So, if you have been following me for any length in time you know my first love is reading and my second love is crochet and knitting. Well, I have a confession to make. I have never actually blocked anything…ever. The reason being I never thought there was a need for it with what I was making. That was until I made the Kari Shawl by Sari Nordlund. This pattern has a lot of simple details around the edges of the shawl, but I went to wear it and none of it was really visible so I made the decision to try and finally block something. If you want to read up on what blocking is etc. you can read a really great article by CocoKnits here: How to Block Your Knitting. I will say, I did not follow their tutorial, but they do a great job explaining the why. I did follow a tutorial though, I followed TL Yarn Crafts video.
- Dollar store basin
- Soak in the scent Yuzu
- Blocking squares
How it Went
The first step was actually soaking the shawl in a basin with some water (not hot) with some of the soap. This was the nice and easy part, all I had to do was put it in and make sure it was fully under water and then walk away for 20 min. In Toni‘s video she was very adamant about not ringing out the material when taking it out of the water. She directs her viewers to gently squeeze the water out and then roll the piece in a towel and then squeeze it that way as well. This process was more involved, but still nothing over the top. At this point I was feeling very confident.

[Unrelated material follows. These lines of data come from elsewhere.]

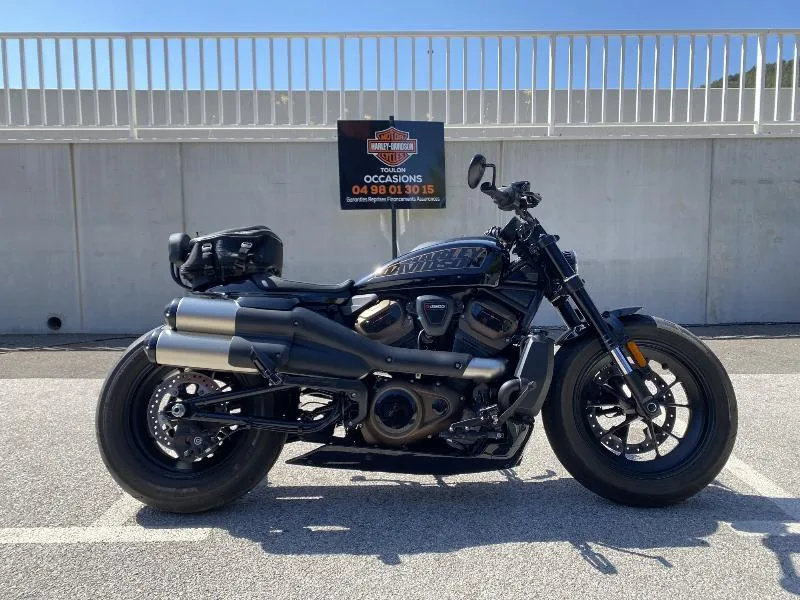 SPORTSTER 1250 S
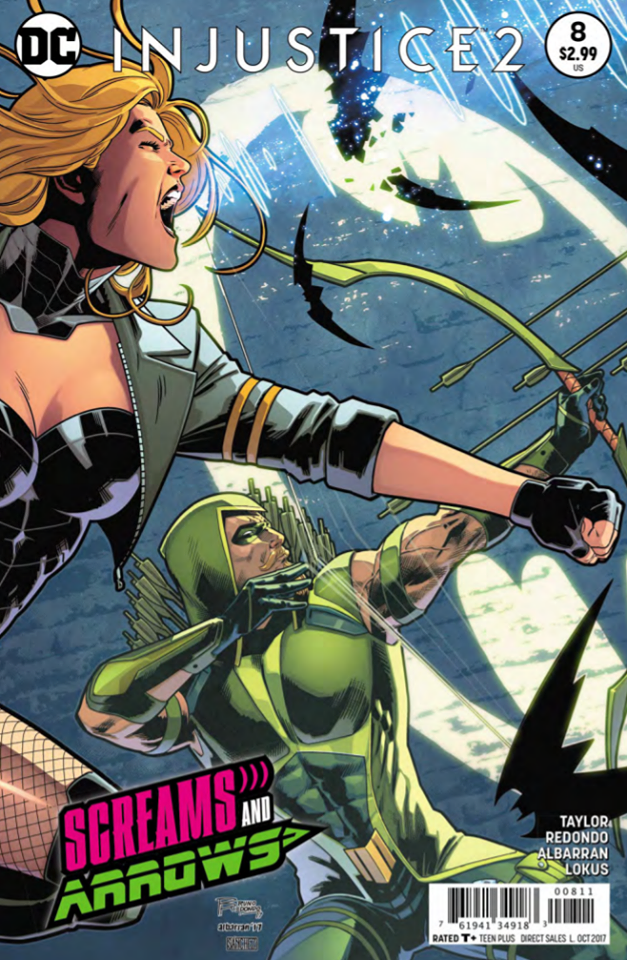 Injustice 2 #8 Review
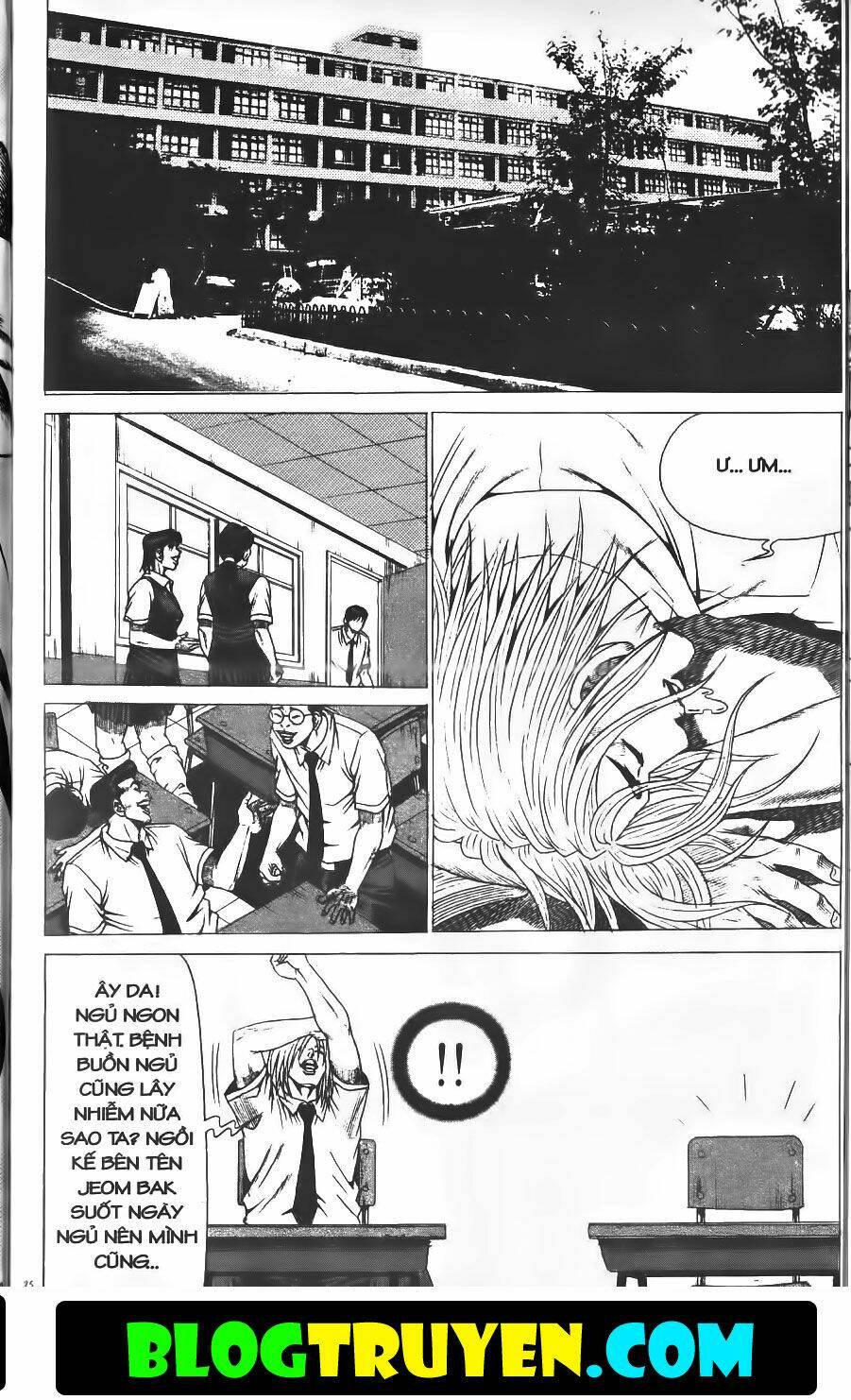 Bitagi – Anh Chàng Ngổ Ngáo Chapter 177 - Trang 2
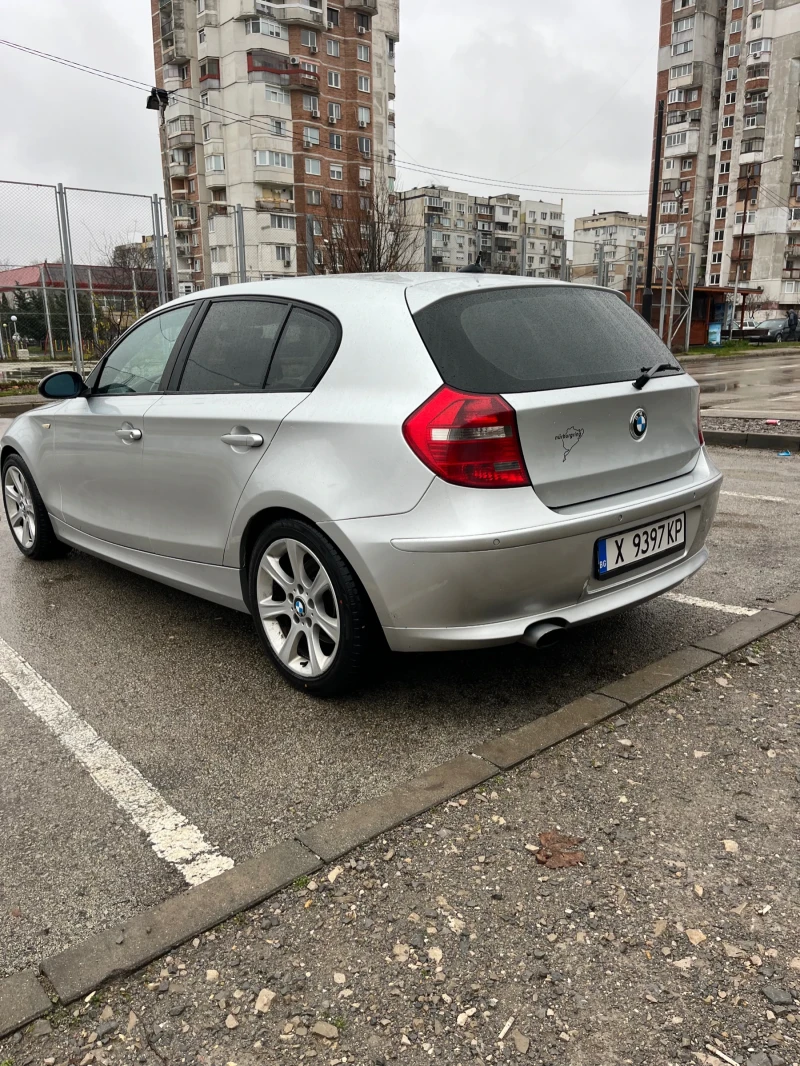BMW 120, снимка 4 - Автомобили и джипове - 52892673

Then came the pinning of the shawl. This was where I started to get aggregated. The reason I got aggravated is trying to make this shawl lay flat symmetrically because I have heard if it dries in the way it will look that way. So, I felt the pressure and I was going through this entire process so I wanted to make sure it was actually worth it. I feel like I did alright with this, but looking at this picture I can see I could have done better. I realized it is a lot harder to gauge when you are up close and doing it, it is kind of hard to see. Especially the down curves of the shawl since they are angled and my blocks don’t have lines in that manner. Now, the hardest part is waiting.
At the end of the process I have to say, I should really block things more often. It really helped the eyelet details open up as well as help even out all the stiches throughout. Since I am still pretty new to knitting, I still need to work on consistent tension, but wow, this really ended up helping! I know I am going to continue to do this process even though it sometimes takes a day or two for the item to completely dry because the end result is just wonderful!